0

Hi guys I have two files each of them with N columns and M rows.

File1

1 2 4 6 8
20 4 8 10 12
15 5 7 9 11

File2

1 a1 b1 c5 d1
2 a1 b2 c4 d2
3 a2 b3 c3 d3
19 a3 b4 c2 d4
14 a4 b5 c1 d5

And what I need is to search the closest value in the column 1, and print specific columns in the output. so for example the output should be:

File3

1 2 4 6 8
1 a1 b1 c5 d1
20 4 8 10 12
19 a3 b4 c2 d4
15 5 7 9 11
14 a4 b5 c1 d5

Since 1 = 1, 19 is the closest to 20 and 14 to 15, the output are those lines.

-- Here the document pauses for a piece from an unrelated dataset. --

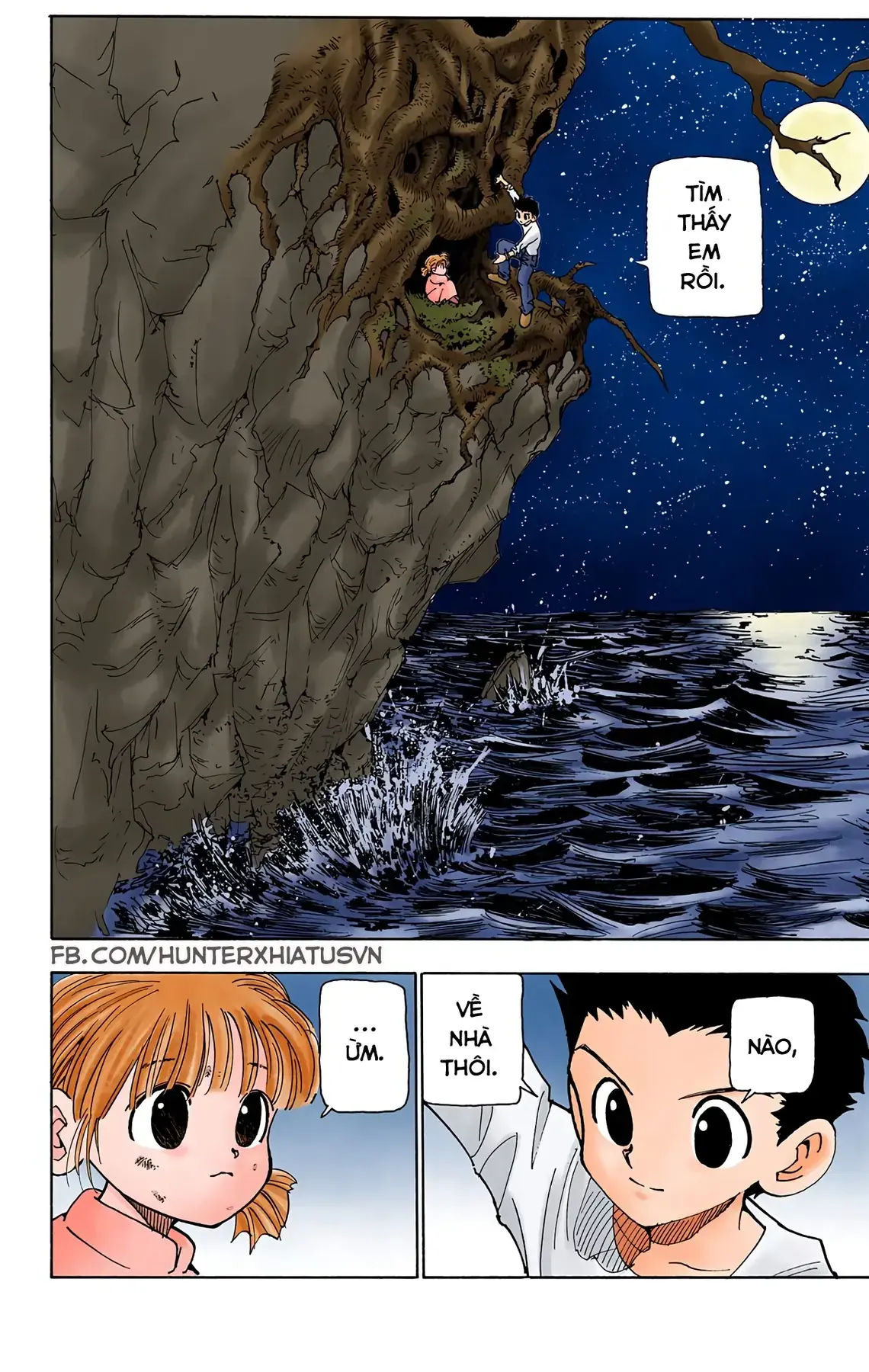 Hunter x Hunter (Bản Màu) Chapter 65 - Trang 11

How can I do this in awk or any other tool?

Help!

This is what I have until now:

echo "ARGIND == 1 {
s1[\$1]=\$1;
s2[\$1]=\$2;
s3[\$1]=\$3;
s4[\$1]=\$4;
s5[\$1]=\$5;
}
ARGIND == 2 {
bestdiff=-1;
for (v in s1)
if (bestdiff < 0 || (v-\$1)**2 <= bestdiff) 
{
s11=s1[v];
s12=s2[v];
s13=s3[v];
s14=s4[v];
s15=s5[v];
bestdiff=(v-\$1)**2;
if (bestdiff < 2){
print \$0
print s11,s12,s13,s14,s15}}">diff.awk
awk -f diff.awk file2 file1

output:

1 2 4 6 8
1 a1 b1 c5 d1
20 4 8 10 12
19 a3 b4 c2 d4
15 5 7 9 1
14 a4 b5 c1 d5
1 2
1 1
14 15

I have no idea why the last three lines.

Nikko
  • 517
  • 3
  • 7
  • 19
  • 1
    of course the two files need to be input. Since you tagged with awk you may have starting coding something. Share it, please! – fedorqui Apr 23 '15 at 15:16
  • yeah I express my self wrongly. But I still have nothing to share. Any ideas? – Nikko Apr 23 '15 at 15:34
  • The number of lines in both files are the same? What do you mean by "closest"? If we have only one line with value "30" in first file and "40" in the second is it close enough? – Andrey Sabitov Apr 23 '15 at 17:30
  • @AndreySabitov the number of lines are not the same, and yes 30 is the closest to 40 if there isn't another closer enough. – Nikko Apr 23 '15 at 20:01

1 Answers1

1

What I ended with trying to give a way to answer:

function closest(b,i) { # define a function
  distance=999999; # this should be higher than the max index to avoid returning null
  for (x in b) { # loop over the array to get its keys
    (x+0 > i+0) ? tmp = x - i : tmp = i - x # +0 to compare integers, ternary operator to reduce code, compute the diff between the key and the target
    if (tmp < distance) { # if the distance if less than preceding, update
      distance = tmp
      found = x # and save the key actually found closest
    }
  }
  return found  # return the closest key
}

{ # parse the files for each line (no condition)
   if (NR>FNR) { # If we changed file (File Number Record is less than Number Record) change array
     b[$1]=$0 # make an array with $1 as key
   } else {
     akeys[max++] = $1 # store the array keys to ensure order at end as for (x in array) does not guarantee the order
     a[$1]=$0 # make an array with $1 as key
   }
}

END { # Now we ended parsing the two files, print the result
  for (i in akeys) { # loop over the first file keys
    print a[akeys[i]] # print the value for this file
    if (akeys[i] in b) { # if the same key exist in second file
      print b[akeys[i]] # then print it
    } else {
      bindex = closest(b,akeys[i]) # call the function to find the closest key from second file
      print b[bindex] # print what we found
    }
  }
}

I hope this is enough commented to be clear, feel free to comment if needed.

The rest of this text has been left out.